[[ RECORDS PROVIDED, beginning ]]
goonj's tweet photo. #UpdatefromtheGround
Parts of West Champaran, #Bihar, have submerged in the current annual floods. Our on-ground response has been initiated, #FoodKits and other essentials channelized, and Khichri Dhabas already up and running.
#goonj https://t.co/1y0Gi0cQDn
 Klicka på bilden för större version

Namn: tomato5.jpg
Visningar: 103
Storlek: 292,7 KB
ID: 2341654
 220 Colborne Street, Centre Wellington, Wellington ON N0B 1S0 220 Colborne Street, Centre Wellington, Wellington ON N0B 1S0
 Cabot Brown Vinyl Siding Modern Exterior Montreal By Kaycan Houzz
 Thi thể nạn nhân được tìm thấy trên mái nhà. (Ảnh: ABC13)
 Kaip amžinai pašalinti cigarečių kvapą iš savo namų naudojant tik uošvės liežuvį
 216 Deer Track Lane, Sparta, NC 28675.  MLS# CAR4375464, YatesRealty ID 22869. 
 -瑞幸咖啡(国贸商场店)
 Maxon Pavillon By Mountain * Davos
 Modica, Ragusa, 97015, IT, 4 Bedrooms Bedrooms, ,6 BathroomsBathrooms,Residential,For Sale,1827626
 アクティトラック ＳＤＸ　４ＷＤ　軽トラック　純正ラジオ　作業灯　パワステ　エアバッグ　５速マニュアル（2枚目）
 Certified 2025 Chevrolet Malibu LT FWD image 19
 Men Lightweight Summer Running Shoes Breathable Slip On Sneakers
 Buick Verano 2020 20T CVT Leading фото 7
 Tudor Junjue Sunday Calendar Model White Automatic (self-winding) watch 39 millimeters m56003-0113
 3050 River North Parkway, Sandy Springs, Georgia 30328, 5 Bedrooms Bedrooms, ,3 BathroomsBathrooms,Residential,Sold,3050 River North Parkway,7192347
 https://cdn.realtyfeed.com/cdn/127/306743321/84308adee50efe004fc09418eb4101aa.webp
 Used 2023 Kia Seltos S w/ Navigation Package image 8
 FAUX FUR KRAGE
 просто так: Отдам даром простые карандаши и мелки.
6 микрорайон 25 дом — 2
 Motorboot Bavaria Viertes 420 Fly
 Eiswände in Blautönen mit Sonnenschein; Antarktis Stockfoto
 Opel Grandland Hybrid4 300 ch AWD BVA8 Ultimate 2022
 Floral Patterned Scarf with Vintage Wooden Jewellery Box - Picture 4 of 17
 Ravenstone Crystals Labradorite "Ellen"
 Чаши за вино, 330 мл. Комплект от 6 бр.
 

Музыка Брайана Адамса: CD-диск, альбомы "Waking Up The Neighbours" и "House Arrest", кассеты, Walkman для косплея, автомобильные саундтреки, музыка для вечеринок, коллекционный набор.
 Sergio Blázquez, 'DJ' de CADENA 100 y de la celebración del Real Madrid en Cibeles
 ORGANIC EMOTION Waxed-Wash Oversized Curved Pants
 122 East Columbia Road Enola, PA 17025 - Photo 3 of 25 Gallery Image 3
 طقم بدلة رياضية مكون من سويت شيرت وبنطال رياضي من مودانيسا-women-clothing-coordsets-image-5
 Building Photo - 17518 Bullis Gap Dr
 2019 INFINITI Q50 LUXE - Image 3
[[ RECORDS PROVIDED, end ]]
• **WHAT IS NEEDED**: Starting with the line that contains "Cabot Brown Vinyl", copy each line through the end of the data exactly, and leave out all earlier lines.

• **SOLUTION FOR THIS TASK**:
 Cabot Brown Vinyl Siding Modern Exterior Montreal By Kaycan Houzz
 Thi thể nạn nhân được tìm thấy trên mái nhà. (Ảnh: ABC13)
 Kaip amžinai pašalinti cigarečių kvapą iš savo namų naudojant tik uošvės liežuvį
 216 Deer Track Lane, Sparta, NC 28675.  MLS# CAR4375464, YatesRealty ID 22869. 
 -瑞幸咖啡(国贸商场店)
 Maxon Pavillon By Mountain * Davos
 Modica, Ragusa, 97015, IT, 4 Bedrooms Bedrooms, ,6 BathroomsBathrooms,Residential,For Sale,1827626
 アクティトラック ＳＤＸ　４ＷＤ　軽トラック　純正ラジオ　作業灯　パワステ　エアバッグ　５速マニュアル（2枚目）
 Certified 2025 Chevrolet Malibu LT FWD image 19
 Men Lightweight Summer Running Shoes Breathable Slip On Sneakers
 Buick Verano 2020 20T CVT Leading фото 7
 Tudor Junjue Sunday Calendar Model White Automatic (self-winding) watch 39 millimeters m56003-0113
 3050 River North Parkway, Sandy Springs, Georgia 30328, 5 Bedrooms Bedrooms, ,3 BathroomsBathrooms,Residential,Sold,3050 River North Parkway,7192347
 https://cdn.realtyfeed.com/cdn/127/306743321/84308adee50efe004fc09418eb4101aa.webp
 Used 2023 Kia Seltos S w/ Navigation Package image 8
 FAUX FUR KRAGE
 просто так: Отдам даром простые карандаши и мелки.
6 микрорайон 25 дом — 2
 Motorboot Bavaria Viertes 420 Fly
 Eiswände in Blautönen mit Sonnenschein; Antarktis Stockfoto
 Opel Grandland Hybrid4 300 ch AWD BVA8 Ultimate 2022
 Floral Patterned Scarf with Vintage Wooden Jewellery Box - Picture 4 of 17
 Ravenstone Crystals Labradorite "Ellen"
 Чаши за вино, 330 мл. Комплект от 6 бр.
 

Музыка Брайана Адамса: CD-диск, альбомы "Waking Up The Neighbours" и "House Arrest", кассеты, Walkman для косплея, автомобильные саундтреки, музыка для вечеринок, коллекционный набор.
 Sergio Blázquez, 'DJ' de CADENA 100 y de la celebración del Real Madrid en Cibeles
 ORGANIC EMOTION Waxed-Wash Oversized Curved Pants
 122 East Columbia Road Enola, PA 17025 - Photo 3 of 25 Gallery Image 3
 طقم بدلة رياضية مكون من سويت شيرت وبنطال رياضي من مودانيسا-women-clothing-coordsets-image-5
 Building Photo - 17518 Bullis Gap Dr
 2019 INFINITI Q50 LUXE - Image 3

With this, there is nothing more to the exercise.